There is extensive research on the growing uncertainty in young people’s lives, focusing on the difficulties met in the transitions to adulthood in different spheres of life, whether private or public. These struggles are somehow exacerbated by the assumption, rarely challenged (Cuzzocrea and Collins 2015), that the route to adulthood implies a lonely journey. What has been sociologically conceptualised as a postponement of the markers of adulthood (Cavalli and Galland 1996 among many others) can be seen as a sign of a diffuse difficulty in making one’s own way into the adult world. For instance, the precarity of career paths -often having serious implication on one’s private life such as the deferral of parenthood - is one element of an overarching difficulty in participating to public life and assuming public roles of several kinds.

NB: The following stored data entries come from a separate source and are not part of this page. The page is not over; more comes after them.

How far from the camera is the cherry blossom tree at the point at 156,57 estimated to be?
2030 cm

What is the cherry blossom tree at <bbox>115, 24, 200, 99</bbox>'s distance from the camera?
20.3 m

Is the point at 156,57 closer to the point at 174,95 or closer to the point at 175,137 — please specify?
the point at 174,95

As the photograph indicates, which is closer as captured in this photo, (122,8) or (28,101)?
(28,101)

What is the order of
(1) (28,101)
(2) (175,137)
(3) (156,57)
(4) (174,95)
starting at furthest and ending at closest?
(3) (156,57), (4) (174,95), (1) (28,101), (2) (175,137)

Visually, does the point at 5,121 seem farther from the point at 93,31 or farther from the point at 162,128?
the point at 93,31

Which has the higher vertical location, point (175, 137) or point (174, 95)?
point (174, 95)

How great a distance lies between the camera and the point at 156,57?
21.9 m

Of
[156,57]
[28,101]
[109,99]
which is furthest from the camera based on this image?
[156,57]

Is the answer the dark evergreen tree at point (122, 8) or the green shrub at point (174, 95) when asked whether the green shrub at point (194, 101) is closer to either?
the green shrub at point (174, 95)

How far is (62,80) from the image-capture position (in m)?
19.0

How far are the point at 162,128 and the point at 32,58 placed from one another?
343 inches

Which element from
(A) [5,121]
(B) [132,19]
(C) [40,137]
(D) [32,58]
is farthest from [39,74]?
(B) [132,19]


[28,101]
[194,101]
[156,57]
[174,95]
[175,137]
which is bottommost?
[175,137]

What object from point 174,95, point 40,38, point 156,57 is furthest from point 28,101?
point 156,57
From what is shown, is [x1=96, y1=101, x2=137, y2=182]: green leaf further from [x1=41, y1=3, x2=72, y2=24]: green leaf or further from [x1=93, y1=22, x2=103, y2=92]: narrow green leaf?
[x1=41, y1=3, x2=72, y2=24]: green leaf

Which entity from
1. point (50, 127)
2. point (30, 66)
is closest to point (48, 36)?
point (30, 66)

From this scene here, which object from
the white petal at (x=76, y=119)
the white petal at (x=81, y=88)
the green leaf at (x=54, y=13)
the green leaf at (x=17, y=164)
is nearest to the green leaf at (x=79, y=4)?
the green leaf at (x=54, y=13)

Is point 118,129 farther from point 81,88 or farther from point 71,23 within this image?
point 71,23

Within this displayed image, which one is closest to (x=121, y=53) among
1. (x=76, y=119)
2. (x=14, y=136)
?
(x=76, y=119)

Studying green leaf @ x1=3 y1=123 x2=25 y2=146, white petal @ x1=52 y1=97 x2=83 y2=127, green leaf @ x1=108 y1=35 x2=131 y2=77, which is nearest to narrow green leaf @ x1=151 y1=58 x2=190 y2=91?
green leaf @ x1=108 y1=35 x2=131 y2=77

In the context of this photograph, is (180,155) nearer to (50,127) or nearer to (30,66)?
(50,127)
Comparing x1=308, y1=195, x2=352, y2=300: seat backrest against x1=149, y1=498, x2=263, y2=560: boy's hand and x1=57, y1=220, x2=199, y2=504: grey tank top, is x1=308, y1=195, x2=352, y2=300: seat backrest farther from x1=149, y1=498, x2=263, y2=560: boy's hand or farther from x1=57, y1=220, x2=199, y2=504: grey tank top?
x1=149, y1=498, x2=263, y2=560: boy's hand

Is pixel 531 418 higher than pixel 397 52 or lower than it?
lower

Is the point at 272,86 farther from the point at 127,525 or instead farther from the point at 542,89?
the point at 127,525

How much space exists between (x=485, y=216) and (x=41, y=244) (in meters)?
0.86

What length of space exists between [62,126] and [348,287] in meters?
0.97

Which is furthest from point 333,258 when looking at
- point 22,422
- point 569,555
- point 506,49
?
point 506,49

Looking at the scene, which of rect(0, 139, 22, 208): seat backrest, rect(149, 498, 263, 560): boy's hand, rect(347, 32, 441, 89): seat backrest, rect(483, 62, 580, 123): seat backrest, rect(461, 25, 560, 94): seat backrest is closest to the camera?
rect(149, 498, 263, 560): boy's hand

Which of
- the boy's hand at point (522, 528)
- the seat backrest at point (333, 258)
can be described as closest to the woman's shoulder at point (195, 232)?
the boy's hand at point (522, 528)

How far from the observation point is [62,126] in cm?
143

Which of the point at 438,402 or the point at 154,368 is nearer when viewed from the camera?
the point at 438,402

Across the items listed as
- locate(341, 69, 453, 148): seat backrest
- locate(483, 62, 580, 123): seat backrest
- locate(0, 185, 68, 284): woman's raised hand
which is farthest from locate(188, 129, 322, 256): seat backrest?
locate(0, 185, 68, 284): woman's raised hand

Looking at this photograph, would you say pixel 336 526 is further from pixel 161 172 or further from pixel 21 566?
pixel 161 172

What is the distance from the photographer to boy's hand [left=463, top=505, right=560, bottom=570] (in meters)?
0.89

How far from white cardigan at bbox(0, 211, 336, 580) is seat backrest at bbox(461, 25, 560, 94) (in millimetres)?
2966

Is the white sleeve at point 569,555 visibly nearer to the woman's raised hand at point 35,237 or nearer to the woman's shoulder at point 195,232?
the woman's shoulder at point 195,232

But where do these struggles are supposed to take place? And through what temporalities, given that linear time does not explain anymore the structure and experience of young people’s lives? On one side, if we can start agreeing that choices that are taken while becoming an adult cannot be assumed to happen ‘at home’, a lot remains to investigate regarding what it is not ‘home’ –not yet, but may become so. How to make sense of ‘spatial reflexivity’ (Cairns et al. 2013; Cairns 2014), to account for youths’ reasons for wanting (or not wanting) to move for a study or work experience, for instance? On another side, the notion that young people find themselves taking time before embarking on one path or another, or while doing so, is seen as a constitutive element of the transition itself- the so-called psychosocial moratorium (Erikson 1968), whether in erratic forms or under institutionalised shapes (eg gap years). However, while the need for exploration brings along some positive aspects and openess to the future, forms of ‘time taking’ such as ‘waithood’ are more slippery and may hide ambivalent sides of youth’s agency.

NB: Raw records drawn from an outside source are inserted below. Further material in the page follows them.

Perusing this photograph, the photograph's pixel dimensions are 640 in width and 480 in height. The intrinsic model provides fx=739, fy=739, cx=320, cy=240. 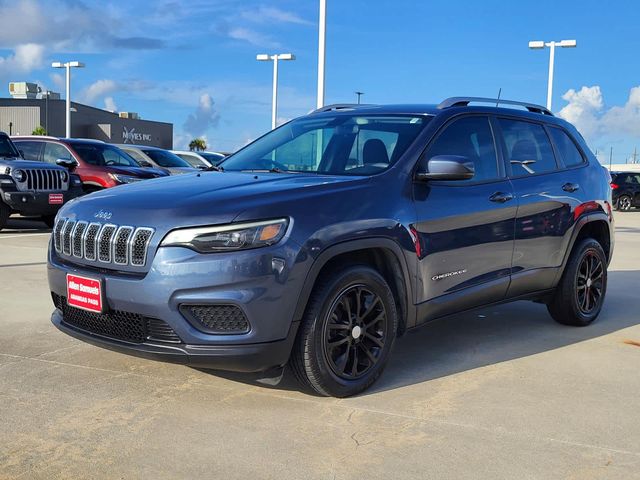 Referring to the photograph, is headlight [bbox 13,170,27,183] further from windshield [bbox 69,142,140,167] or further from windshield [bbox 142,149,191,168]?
windshield [bbox 142,149,191,168]

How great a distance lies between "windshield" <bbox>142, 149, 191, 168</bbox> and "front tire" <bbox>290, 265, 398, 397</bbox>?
1430cm

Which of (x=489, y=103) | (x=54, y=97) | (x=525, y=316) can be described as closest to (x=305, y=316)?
(x=489, y=103)

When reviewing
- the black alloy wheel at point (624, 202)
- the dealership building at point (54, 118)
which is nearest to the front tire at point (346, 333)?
the black alloy wheel at point (624, 202)

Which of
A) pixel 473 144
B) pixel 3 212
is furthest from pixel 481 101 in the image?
pixel 3 212

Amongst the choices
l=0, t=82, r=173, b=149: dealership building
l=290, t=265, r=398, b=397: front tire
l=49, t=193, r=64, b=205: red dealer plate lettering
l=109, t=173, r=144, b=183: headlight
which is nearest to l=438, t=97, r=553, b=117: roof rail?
l=290, t=265, r=398, b=397: front tire

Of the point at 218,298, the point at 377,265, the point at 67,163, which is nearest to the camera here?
the point at 218,298

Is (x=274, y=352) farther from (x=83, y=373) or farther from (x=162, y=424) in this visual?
(x=83, y=373)

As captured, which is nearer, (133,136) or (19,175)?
(19,175)

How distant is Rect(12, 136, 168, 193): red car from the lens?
14.0 meters

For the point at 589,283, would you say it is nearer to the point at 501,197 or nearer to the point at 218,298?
the point at 501,197

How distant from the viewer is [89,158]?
1445cm

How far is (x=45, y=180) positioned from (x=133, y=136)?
66.9 m

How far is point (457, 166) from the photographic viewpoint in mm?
4340

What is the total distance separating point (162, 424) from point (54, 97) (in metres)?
73.8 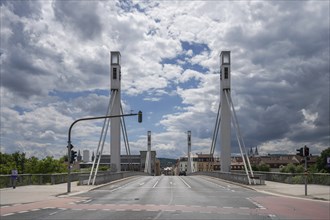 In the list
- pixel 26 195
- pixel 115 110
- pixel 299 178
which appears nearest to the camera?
pixel 26 195

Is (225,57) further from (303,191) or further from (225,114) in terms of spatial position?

The research line I will develop while at MWK intends to explore contextually notions of time and space in the transitions to adulthood, elaborating on the contribute that social theory can bring to the study of young people and critically assessing the ‘mobility turn’ discourse in view of the fundamental need of young find for themselves a place in the (adults) world. This work is intended to be preparatory for further empirical investigations on this theme.